Entre « déformateurs de mémoire historique » et défenseurs d’un passé oublié : l’édition indépendante et l’histoire dans la Russie contemporaine

La fabrique du récit historique
Par Bella Ostromooukhova
Français

Dans la nébuleuse des petites maisons d’édition qui se revendiquent comme « indépendantes » au sein du champ éditorial russe, nombreuses sont celles qui proposent une vision du passé alternative à l’historiographie de célébration d’un passé glorieux que défendent les prescriptions des autorités politiques.
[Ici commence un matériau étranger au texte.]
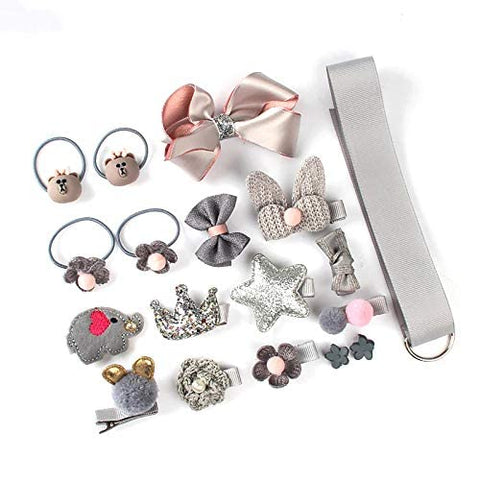 Fancy Cute Baby Safe Gift Set of 18 Pieces Head wear Hair Band Clips Accessories Combo Gift Set for Newborn Infant Toddler Baby Girls (Grey)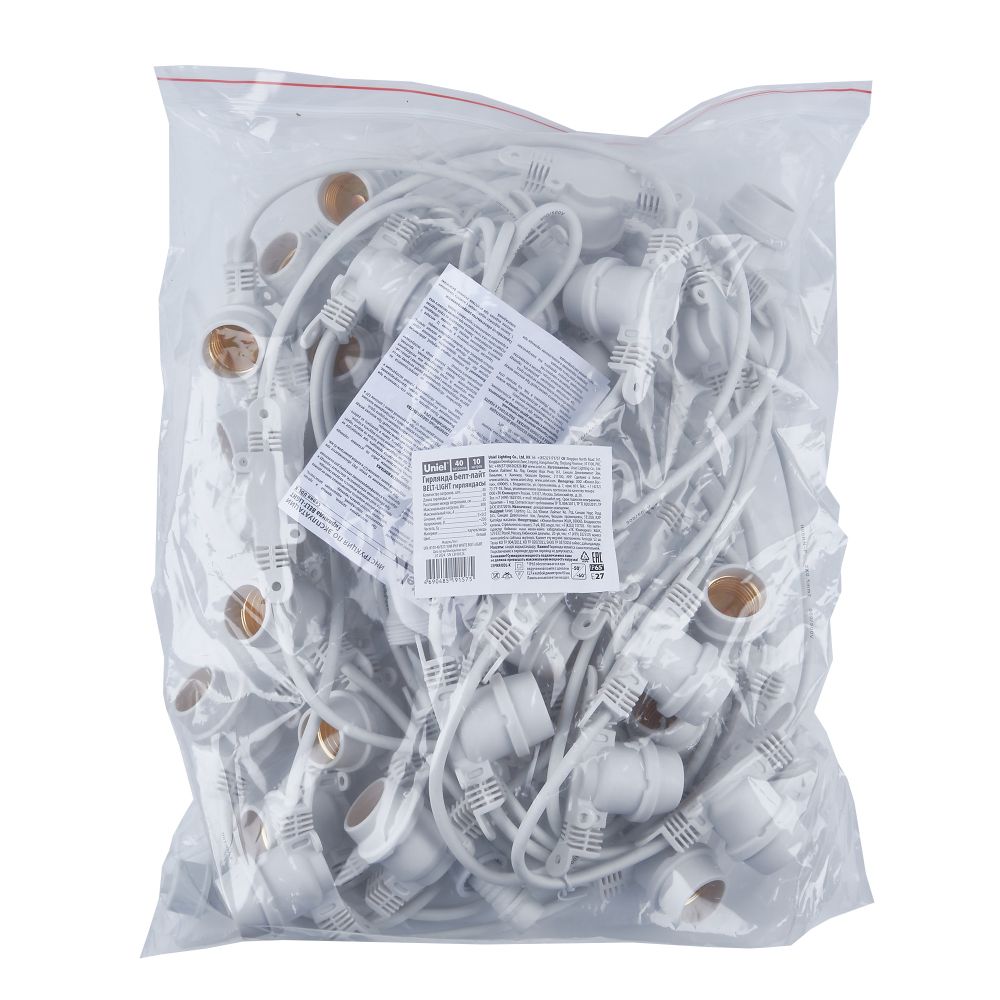 UDL-K110 40-E27-10M IP65 WHITE BELT-LIGHT Гирлянда Белт-лайт. 10м + 1.5м сетевой шнур. 40 патронов E27. шаг 25см. Белая. TM Uniel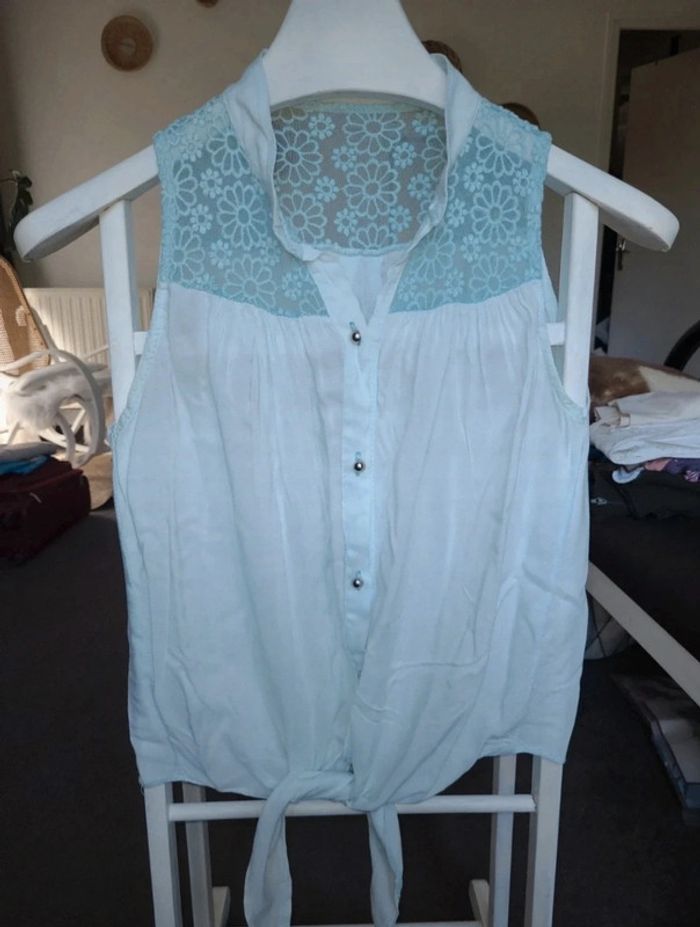Top /chemise été dentelle fleurie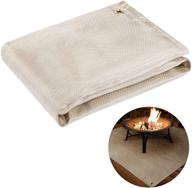 🔥 premium 39''× 39'' fireproof fire pit mat - portable fire blanket for ultimate patio protection: temperature resistant, flame retardant, grill mat for deck, lawn, camping bbq, stove insulation logo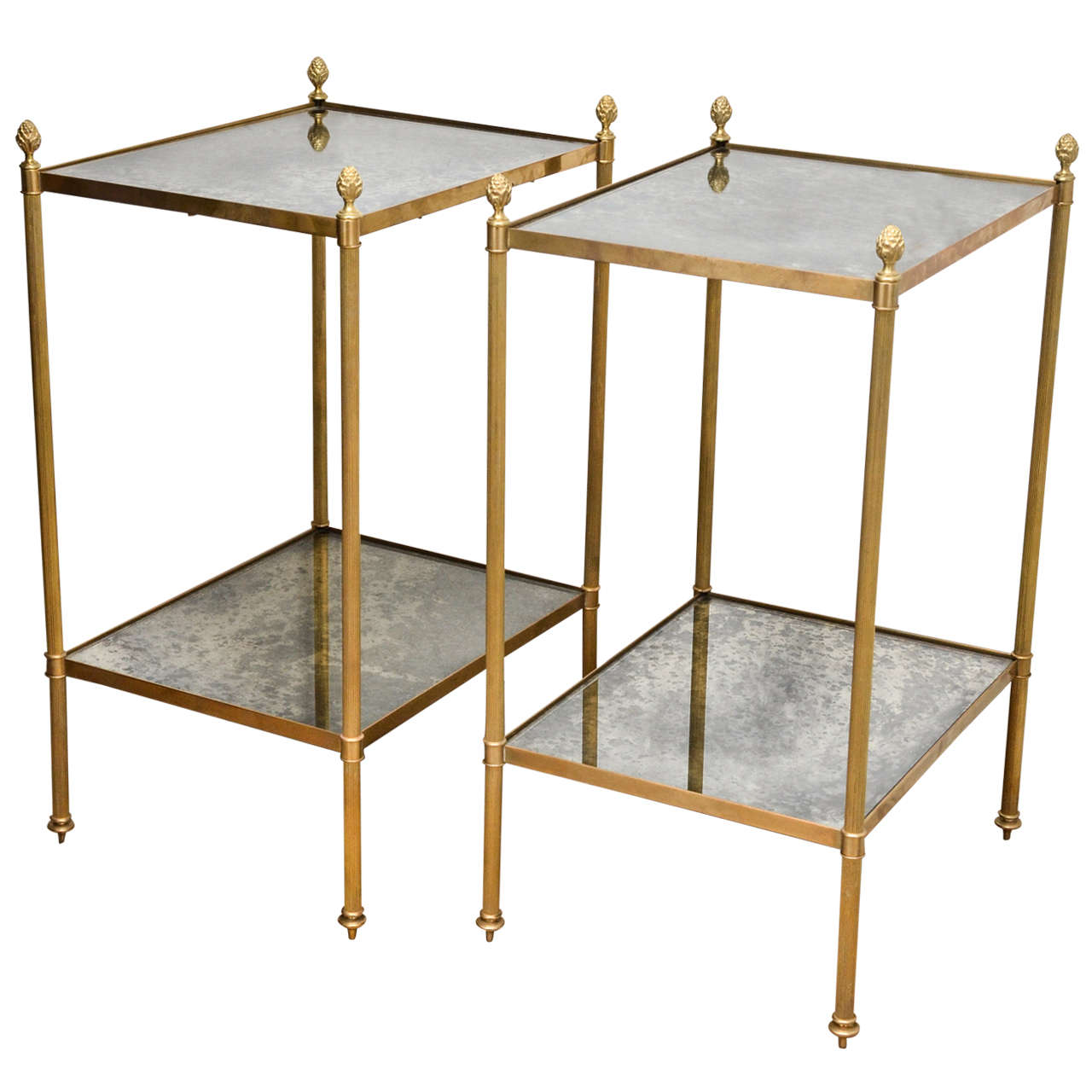 Pair of Two Tiered Brass, Mirrored End Tables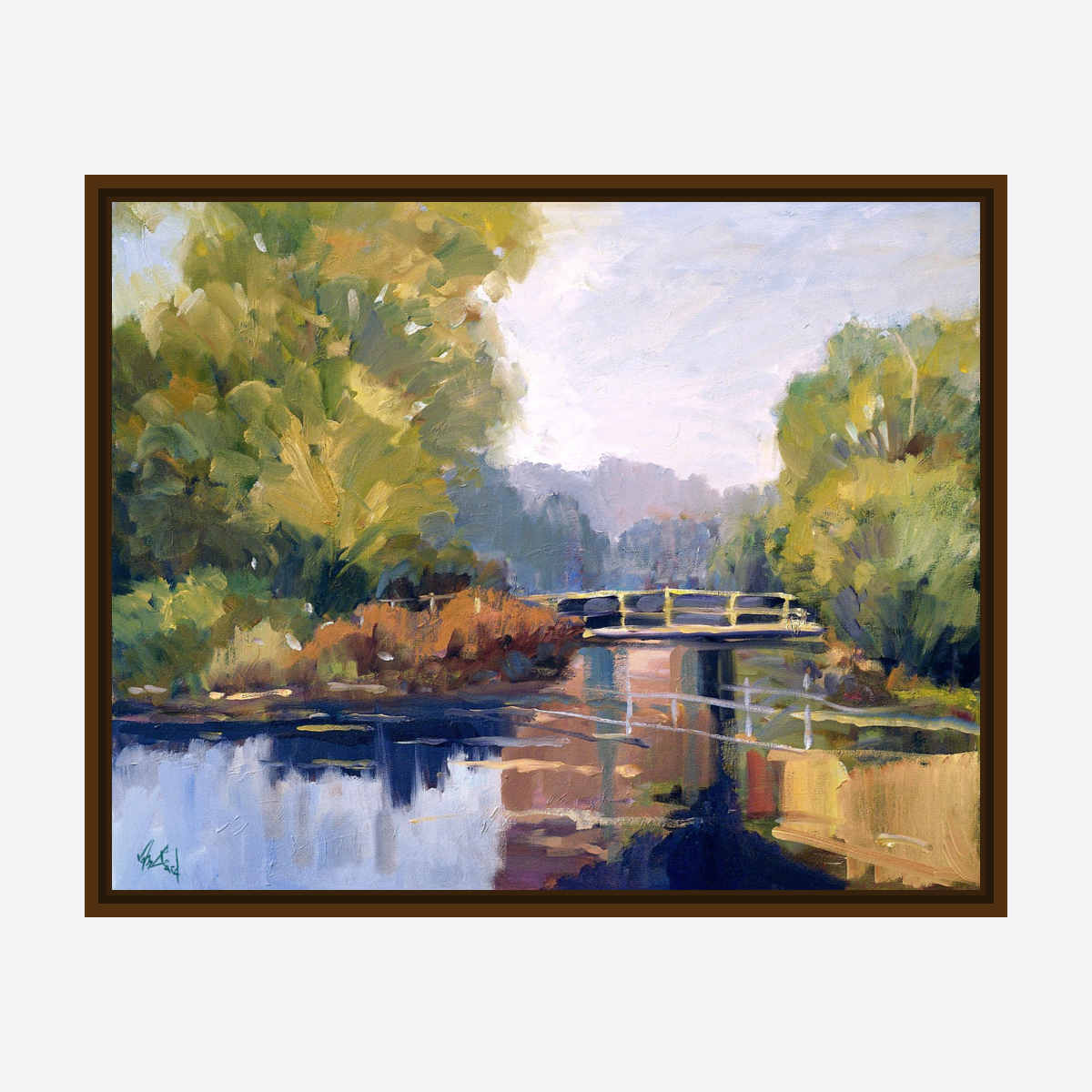 Garden Bridge Artist Enhanced Canvas Print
L’article étudie plusieurs de ces initiatives : celles de maisons d’édition fondées au début des années 1990 par d’anciens dissidents soviétiques, Vozvrachtchenie [Le retour] et Novyi Hronograf [Le nouveau chronographe], celle d’un projet plus récent conduit par une génération postsoviétique de défenseurs du patrimoine historique urbain, Moskva, Kotoroi Net [Moscou qui n’est plus], et celle, enfin, d’Ad Marginem, une maison d’édition qui a connu au début des années 2000 une percée commerciale grâce à des succès à scandale. Le rapport complexe que les fondateurs de ces maisons d’édition entretiennent avec leur propre passé, les contraintes matérielles ou morales et les aléas de parcours qui perturbent leur politique éditoriale de petits éditeurs, influent sur la façon de construire une historiographie qui se distingue d’une vision héroïque du passé. L’approche de l’histoire qu’ils développent est également multiple et polymorphe, fruit de constructions parfois divergentes mais également du rapport à l’histoire complexe que chacun de ces éditeurs a élaboré dans son parcours biographique.